#### Information given ####

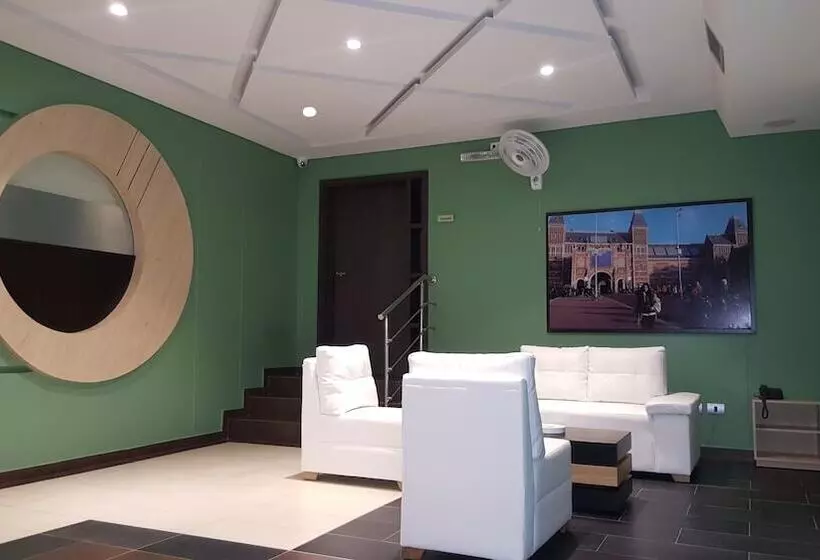 هتل 56 Avenue Plaza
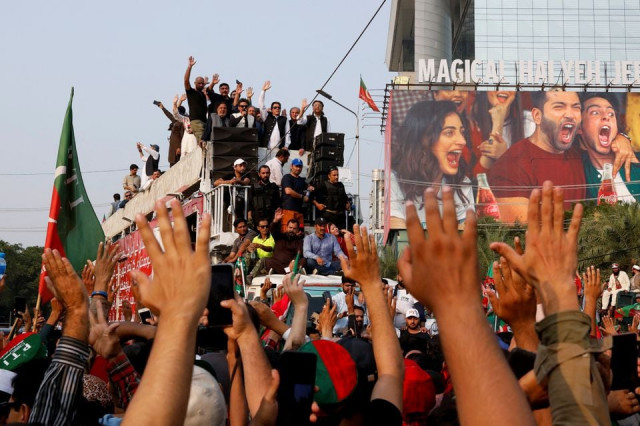 divide and conquer pti long march splits in two divide and conquer pti long march splits in two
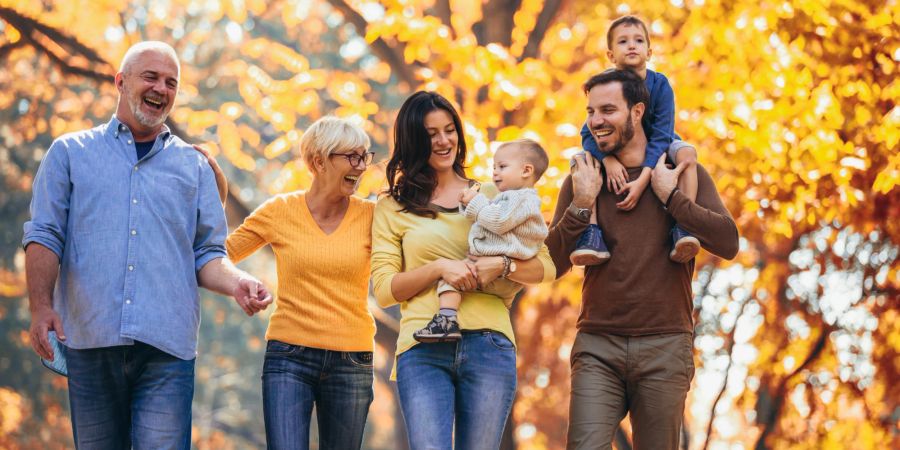 Familie mit Grosseltern, Spaziergang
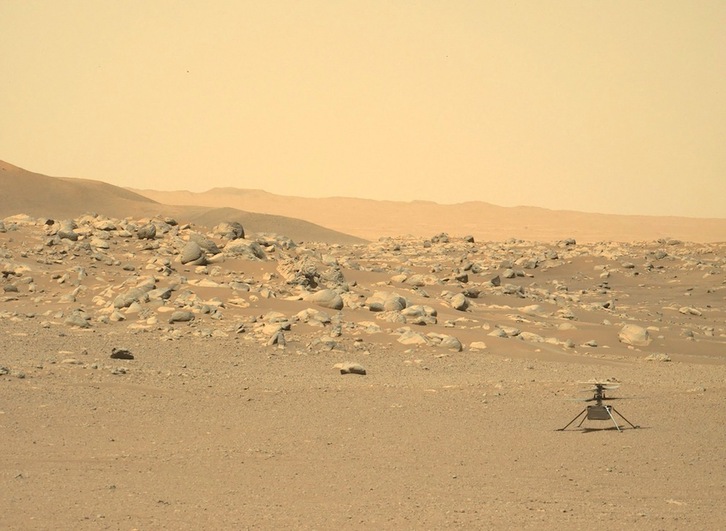 Esta foto de la NASA obtenida el 25 de julio de 2021 muestra el helicóptero Ingenuity sobre la superficie de Marte. (AFP/NASA)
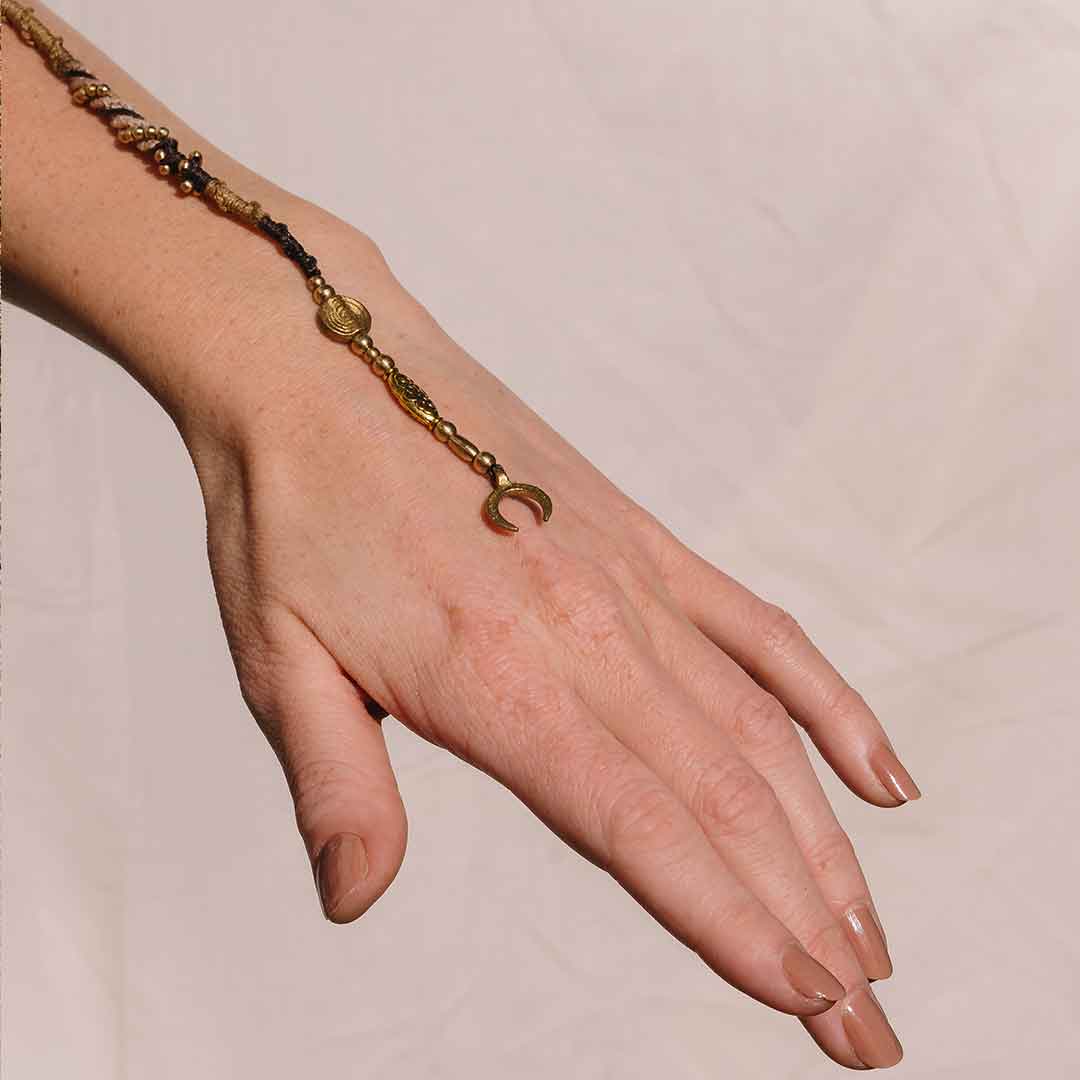 Dieses Bild zeigt die Hairwrap von einer Hand gehalten.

####

**Required action:** Nothing should appear in the answer except the lines from the first line of the data through the line holding "Esta foto de", exactly as written, with pictures left out.

**Reply to the exercise:**
 هتل 56 Avenue Plaza
 divide and conquer pti long march splits in two divide and conquer pti long march splits in two
 Familie mit Grosseltern, Spaziergang
 Esta foto de la NASA obtenida el 25 de julio de 2021 muestra el helicóptero Ingenuity sobre la superficie de Marte. (AFP/NASA)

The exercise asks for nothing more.